Thursday, August 4, 2011

DuPont Falls ... Good News


"Never doubt that a small group of thoughtful, committed citizens can change the world. Indeed, it is the only thing that ever has.  (Margaret Mead)
DuPont State Forest (North Carolina,)  located between Hendersonville and Brevard, is 10,400 acres of beautiful hardwood forest and numerous spectacular waterfalls, open to the public because a few concerned people made it happen.

On Tuesday I visited High Falls and Triple Falls with one of those folks responsible for keeping this treasure public.
Before it was a state forest, most of the land belonged to DuPont Industries which had a huge plant there. During this time, DuPont maintained the forest as a recreational site for its employees and people in the area. 
 



But by 2002, the plant was closed.

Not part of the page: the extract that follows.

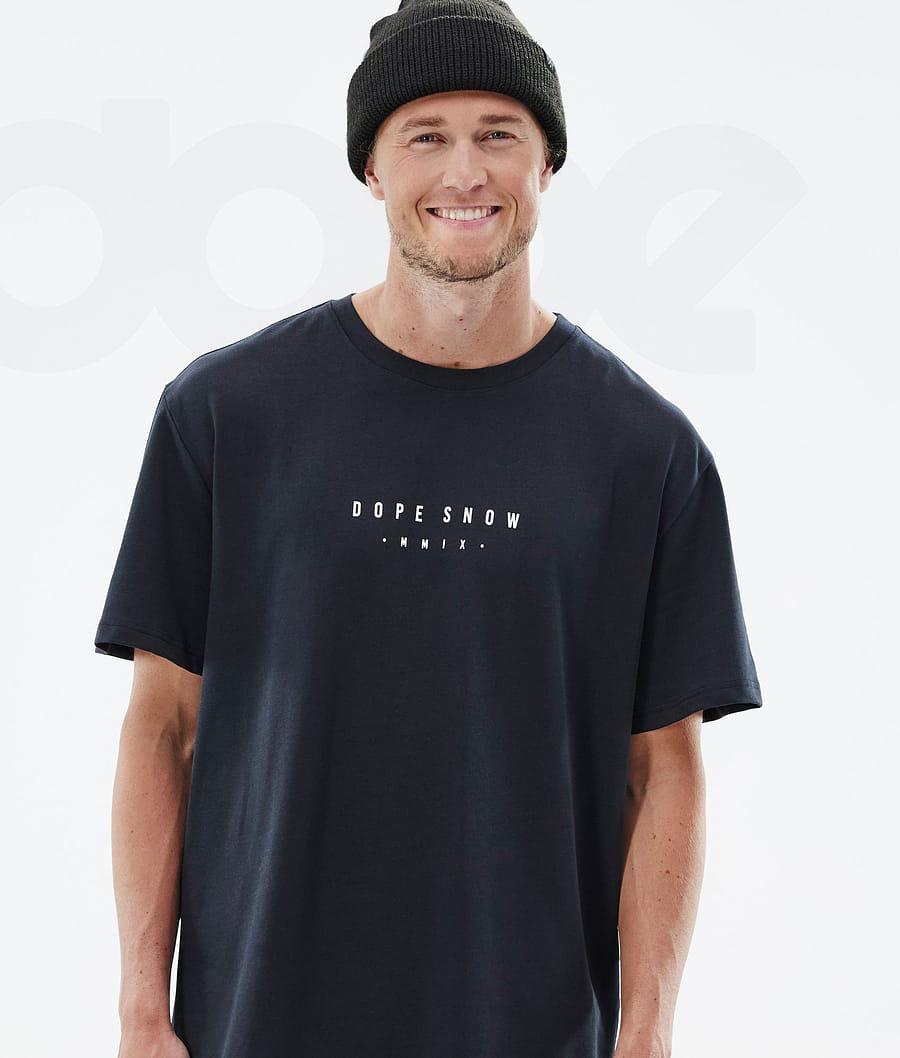 Dope Standard Range T-shirts Heren Zwart | NLMA2994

A developer bought a large tract of the land, including the falls, planning to turn these natural wonders into selling points for a gated community.
Local residents who had all their lives enjoyed access to the pristine beauty of the falls were told that that the forest would no longer be open to the public.  Nineteen of those residents decided to fight against this and formed The Friends of the Falls.

My friend Aleen Steinberg was one of this intrepid group. (Aleen is also one of the driving forces behind Muddy Sneakers -- the nature education program I blogged about HERE.)
Aleen and the Friends of the Falls staged a homegrown PR campaign, targeting civic groups, Scouts, hunters and fishermen, nature lovers, the Audubon Society, anyone who might have an interest in keeping the falls open to the public.  They sent over 4,000 emails and letters to the governor’s office.
“Our rallying cry was ‘Save it for the people, not the privileged few,'" Aleen told me. 

The Friends worked tirelessly and at last the state condemned the land and settled with the developer to purchase his original tract.
So it was that because of the work of this small group of thoughtful, committed citizens, I was able to see for myself the beauty of High Falls and Triple Falls -- in the company of any number of happy hikers and nature lovers.
After the feeling of frustration I've been experiencing during the past weeks, a visit to DuPont Forest was a wonderful reminder that now and then government can get it right -- when we, the people, keep after them.

Thanks, Aleen, not just for the great picnic and the pleasant company, but for the example you set!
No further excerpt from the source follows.